Requirement:
Set down, exactly and only, everything from the line containing "Jardin De La" down to the line containing "20 Fieldstone Walk, New" in the data below; the pictures are not part of the copy.

Material shown below:

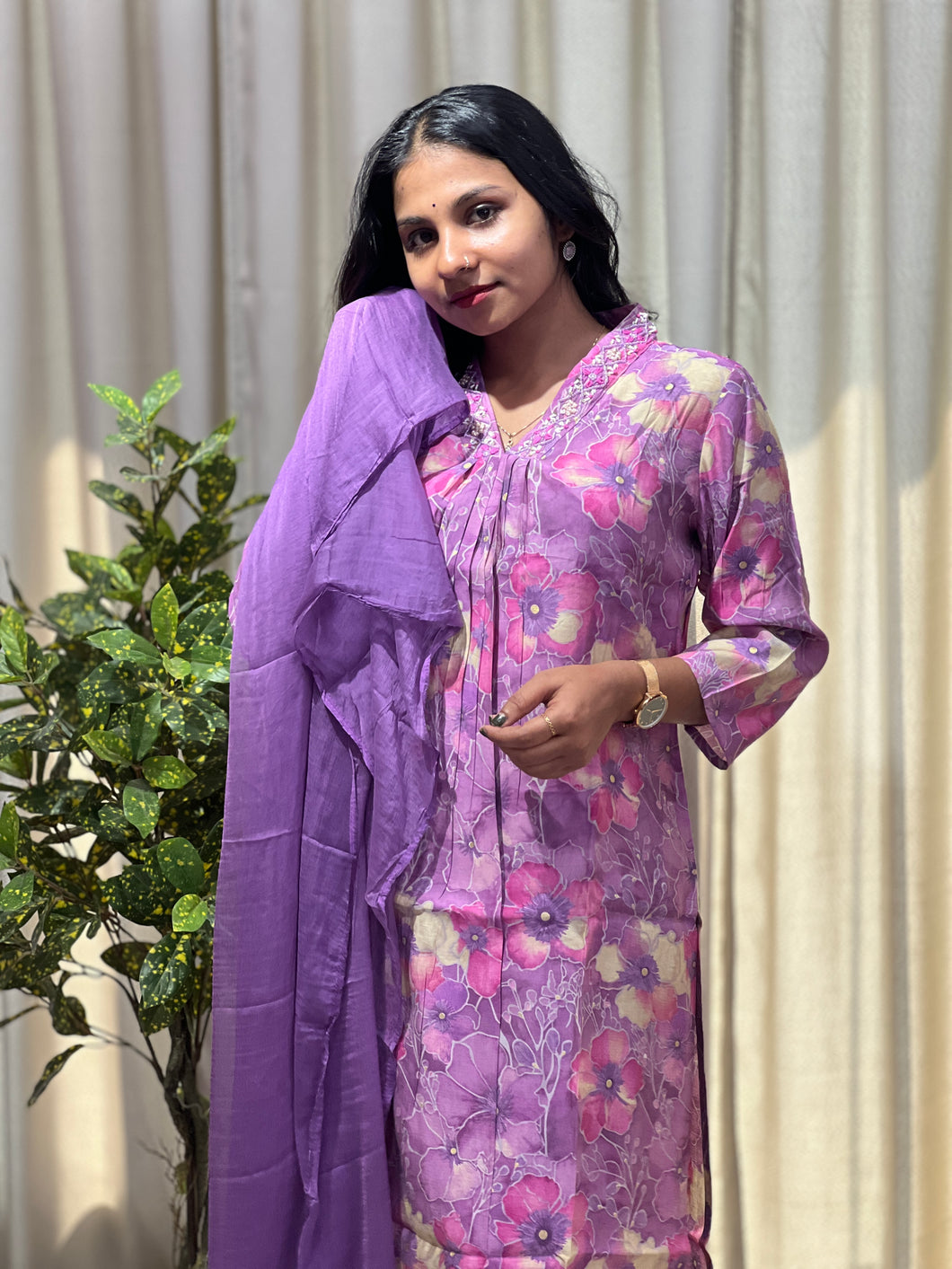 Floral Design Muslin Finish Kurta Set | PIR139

End of Material shown.
Material shown below:

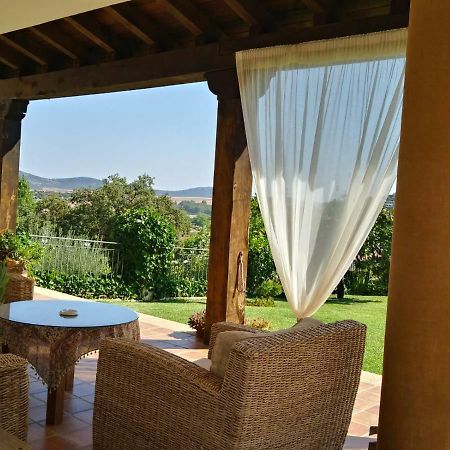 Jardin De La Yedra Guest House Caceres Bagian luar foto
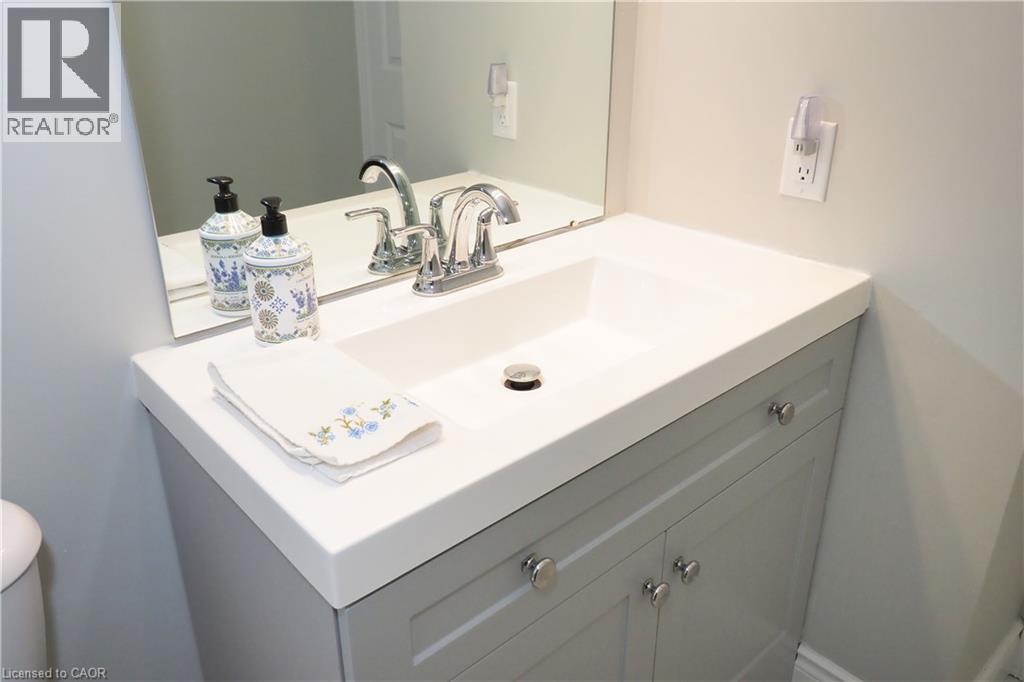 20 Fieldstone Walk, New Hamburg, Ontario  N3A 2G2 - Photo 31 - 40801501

End of Material shown.

Response:
 Jardin De La Yedra Guest House Caceres Bagian luar foto
 20 Fieldstone Walk, New Hamburg, Ontario  N3A 2G2 - Photo 31 - 40801501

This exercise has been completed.